Pierwszą samodzielną placówką, jaką otrzymał 30 sierpnia 1988 r., była parafia Pratulin. Przez dziewięcioletni okres pracy duszpasterskiej ks. Andrzej zaangażowany był w szerzenie kultu i przygotowania do beatyfikacji Wincentego Lewoniuka i 12 Towarzyszy Męczenników Podlaskich. Od powstania w 1991 r. Stowarzyszenia Pamięci Unitów Podlaskich „Martyrium” był jego członkiem i aktywnie wspierał różne formy upamiętniania męczeństwa unitów. 6 października 1996 r. z delegacją parafian wziął udział w uroczystościach beatyfikacyjnych w Rzymie. W Pratulinie przeprowadził szereg inwestycji gospodarczych, m.in. odnowił kościół i wybudował nową plebanię. Jednocześnie ukończył studia w Papieskim Wydziale Teologicznym w Warszawie, uzyskując stopień magistra teologii.

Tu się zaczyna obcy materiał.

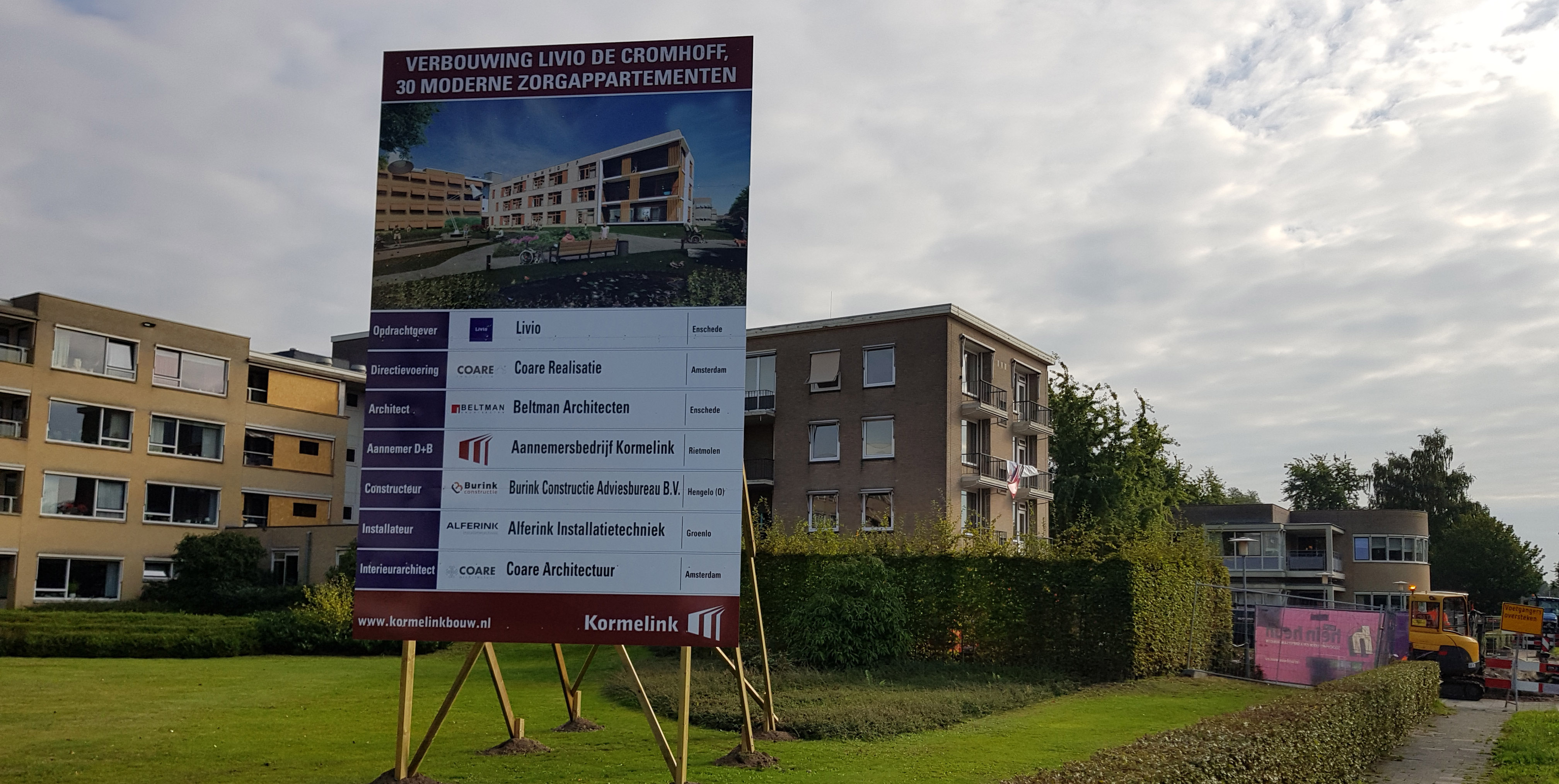 Plaatsing bouwbord de Cromhoff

Od 23 lipca 1997 r. był proboszczem parafii Uścimów; pełnił także funkcję dekanalnego wizytatora religii w dekanacie parczewskim (od 12 września 2001 r.) i był członkiem rady kapłańskiej III kadencji (od 27 grudnia 2012 r.). W parafii Uścimów wspierał działalność parafialnych kół misyjnych.

W dowód uznania za gorliwą pracę duszpasterską bp Jan Wiktor Nowak 16 lutego 1997 r. mianował go kanonikiem honorowym Kapituły Kolegiackiej Janowskiej, a 24 kwietnia 2016 r. bp Kazimierz Gurda mianował go kanonikiem gremialnym tejże kapituły.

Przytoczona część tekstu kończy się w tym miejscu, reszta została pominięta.